We don’t need scholars to tell us that Jewish radicalism is something of the past, dead, buried, and long forgotten. The world already tells us that every day. We need articulations of Jewish radicalism for today that activate its legacy.

Radical Jewish Politics: A Global Perspective asks an intriguing question: what do we notice when we look at cases of Jewish radicalism from across the globe, across history? It helpfully de-centers the over-emphasized, and often romanticized, European Jewish experiences of radicalism. In focusing on radical histories, it demystifies the (also often romanticized) experience of Jews outside Europe. Those stories are usually either narratives of long-term dislocation or absolute integration: Jews are either eternal foreigners or members of the royal court.

Still, I take issue with the term “global” in the subtitle. While the book does expand beyond the usual scope of research, the editors’ implicit understanding of the term “global” involves little more than collecting different narratives from around the globe. The book does this, even though it could have had an even wider scope to include other regions (had space not been a constraint).

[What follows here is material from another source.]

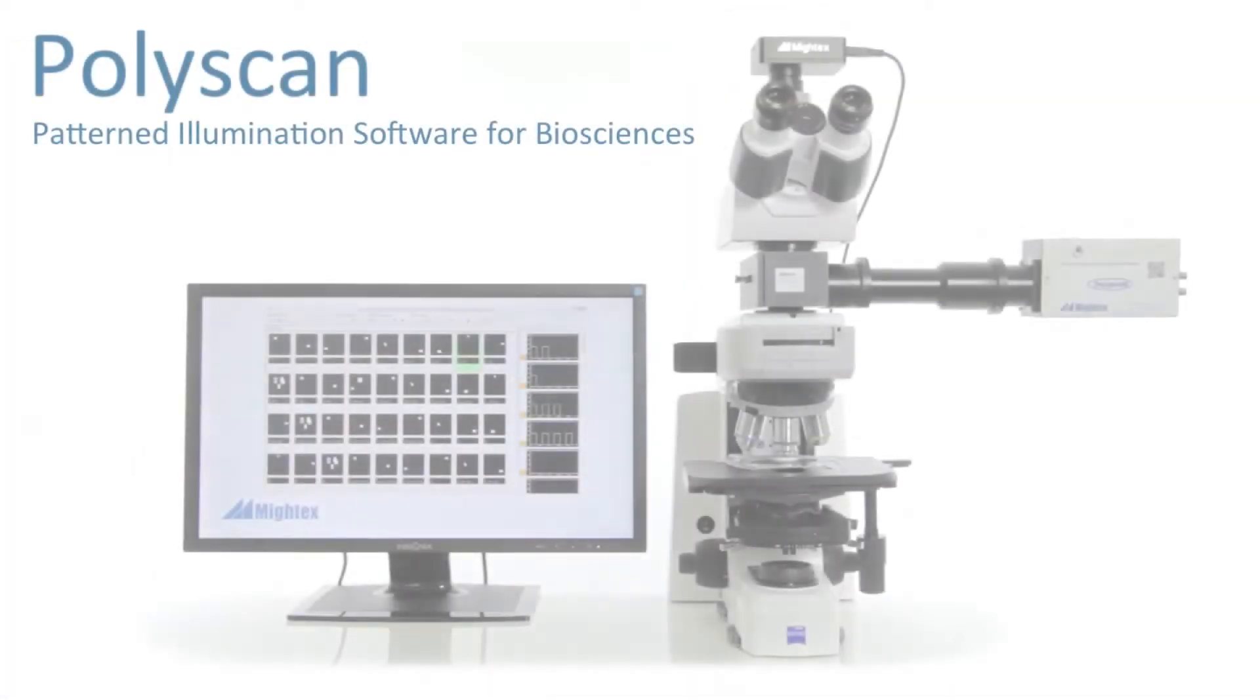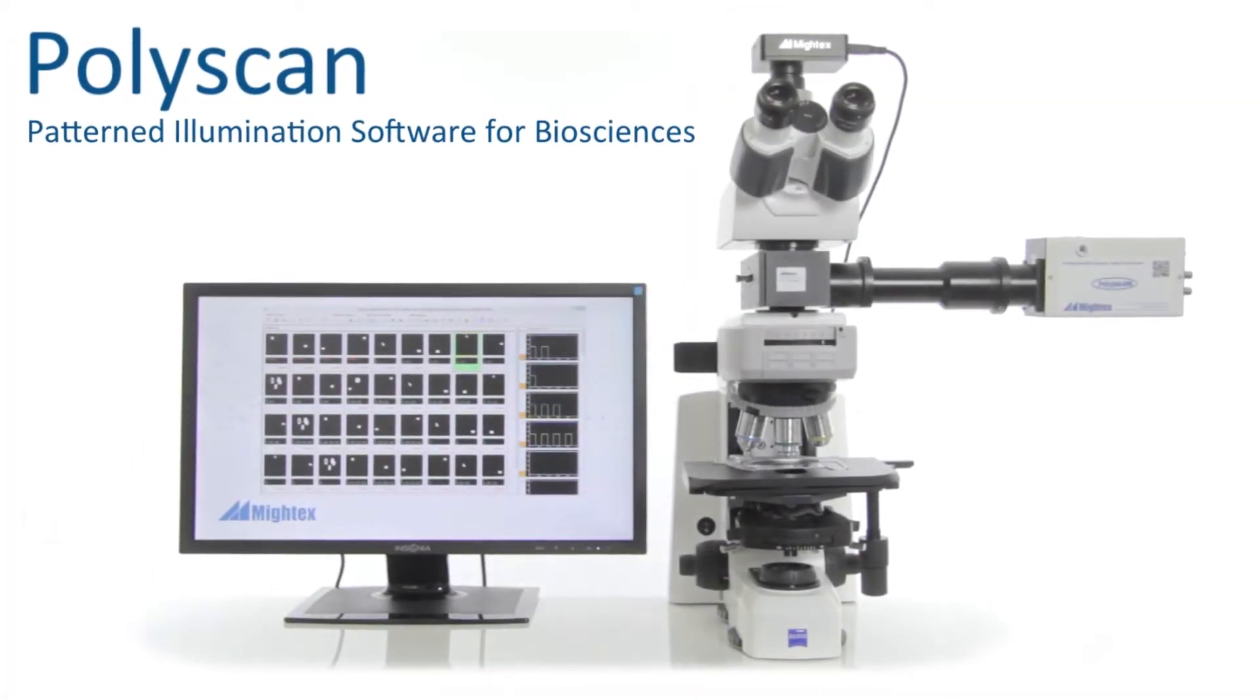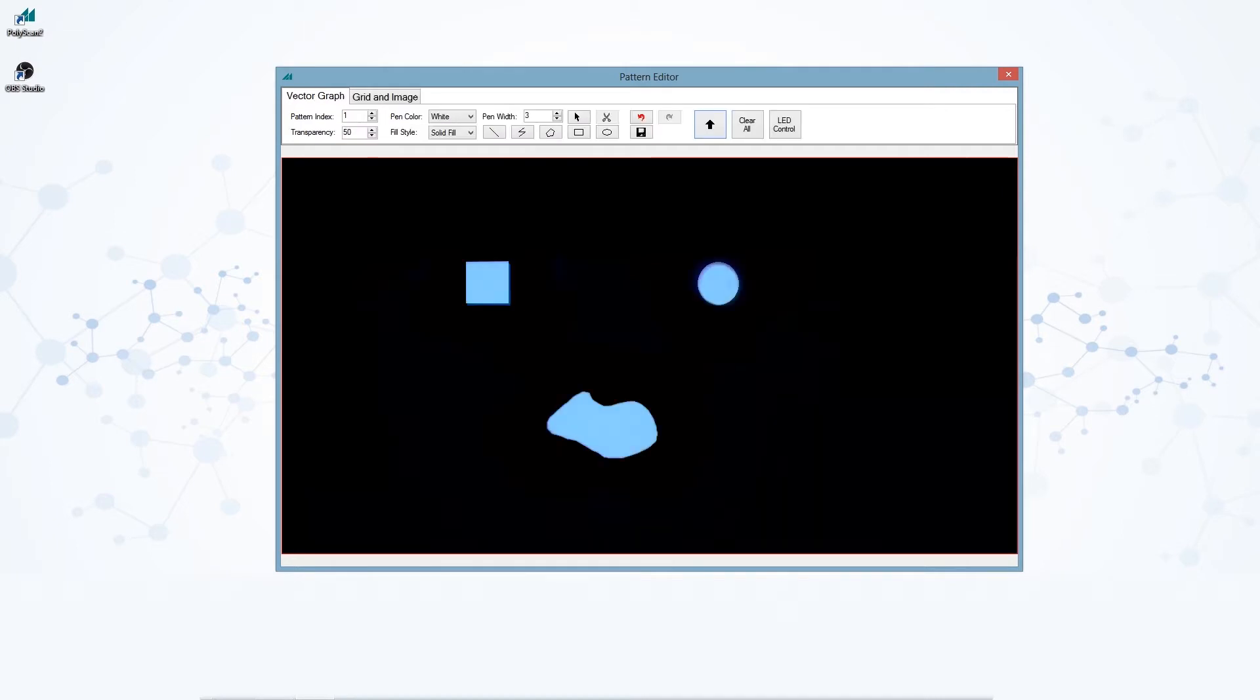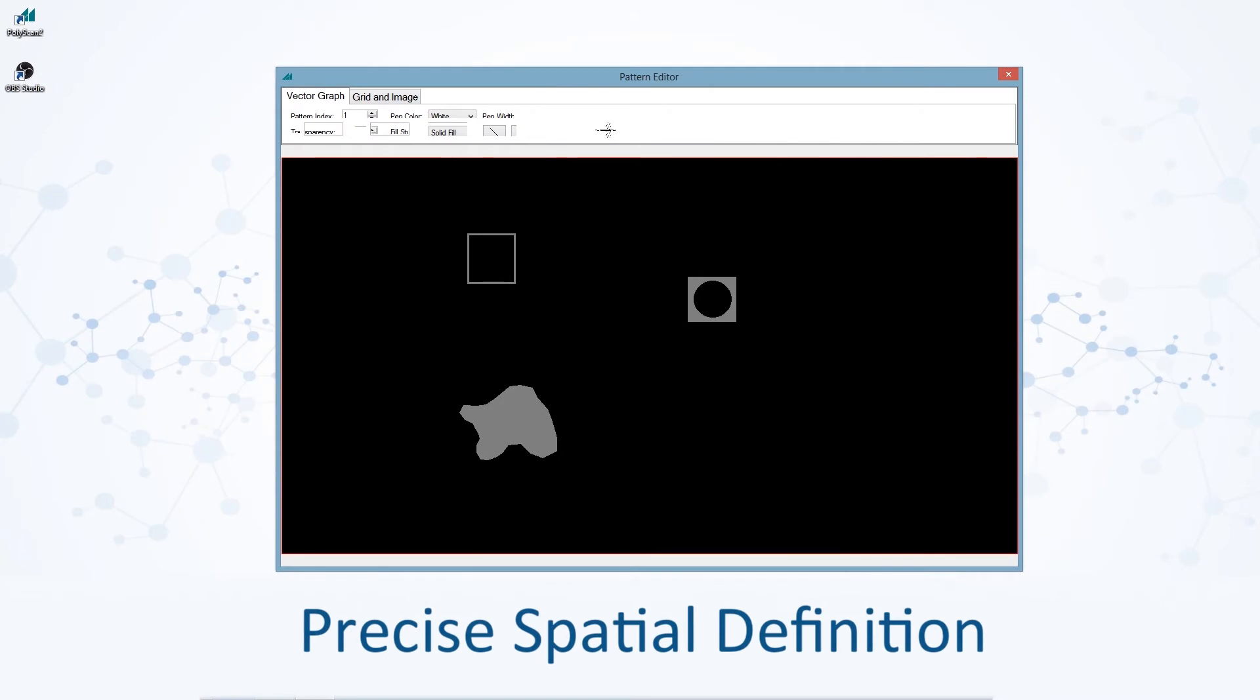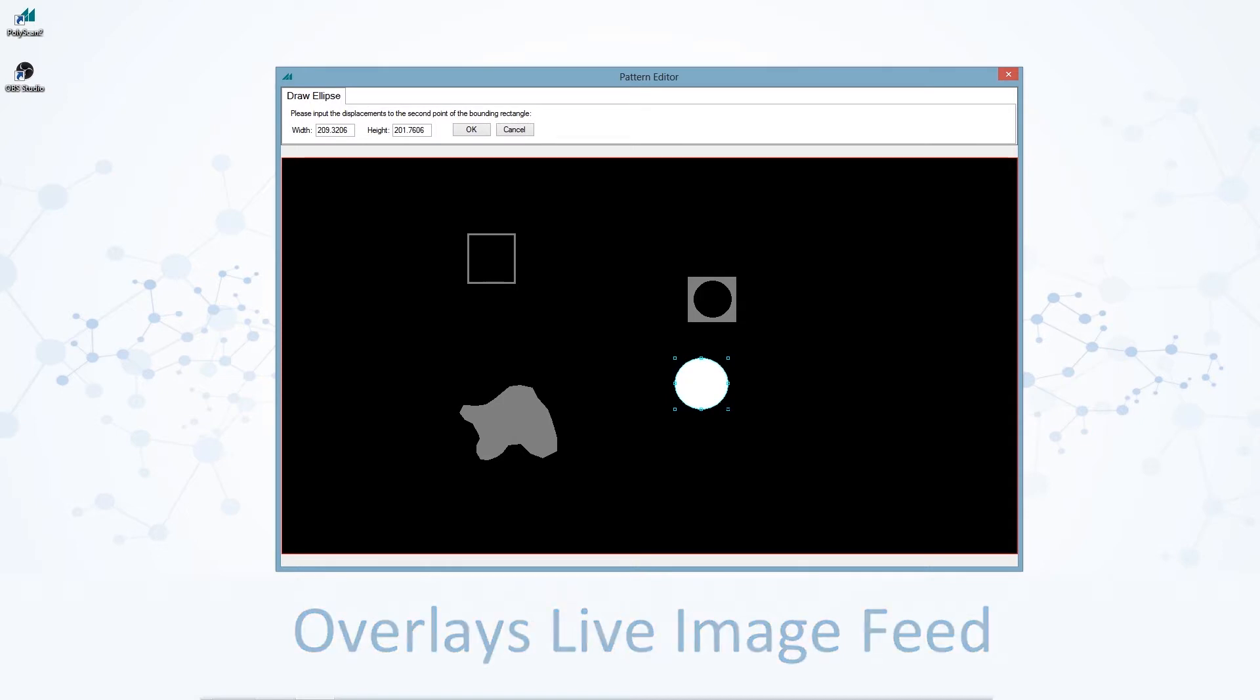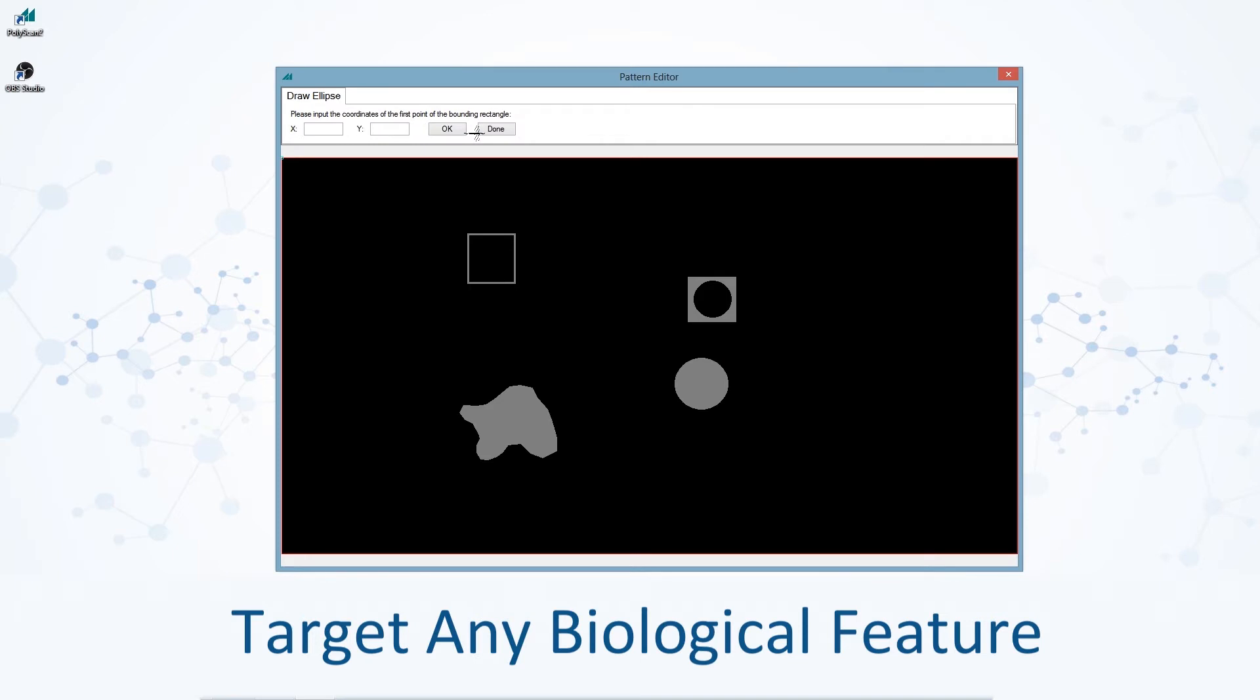This is where PolyScan comes in. At the heart of the PolyScan platform is a sophisticated yet easy to use user interface that allows users to define any 2D spatial pattern of light. The drawing board is overlaid on the viewing screen of the camera to allow researchers to view and identify their target and precisely define illumination patterns that accurately match the shape of the biological feature they wish to target.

Unfortunately, the tone of the volume is essentially encyclopedic. Rather that provide an account of a global Jewish network and its potentialities, the chapters enumerate case after case without fully drawing a connection between the cases or speculating about possible links that could be derived from the cases at hand. It is a diverse set of accounts, both geographically and in variations of the term radical, but it does not deliver an account of the global element of Jewish politics.

A global perspective would demonstrate how Jewish radical politics is not a phenomenon that can be limited to specific times and places. Instead, approaching Jewish radicalism globally teaches us something about radical politics in general. For example, it offers lessons concerning the traps of integration. It teaches us something about colonial divide-and-conquer policies, efforts to resist them, and their seduction. It alerts us to conservative appropriations of transformative ideas. But in merely recounting tightly framed stories, there are no lessons to be learned or action to be taken: Jewish radical politics is reduced to museum exhibits.    

Put another way, the book lacks a global account of mechanisms of oppression and a global account of resistance and liberation. Each case represents a specific constellation of oppression and radical response to it, but precisely because each constellation is so unique and specific, their value (beyond curiosity) emerges from the lessons one extracts once the cases are read as speaking beyond their context, i.e., globally.

Can the comparison between Jewish radicalism in the Middle East, the Russian autonomous zone, and Latin American Jewish experiences teach us something about counter-hegemonic postures? About the value of nationalism? The meaning of international solidarity or collectivity?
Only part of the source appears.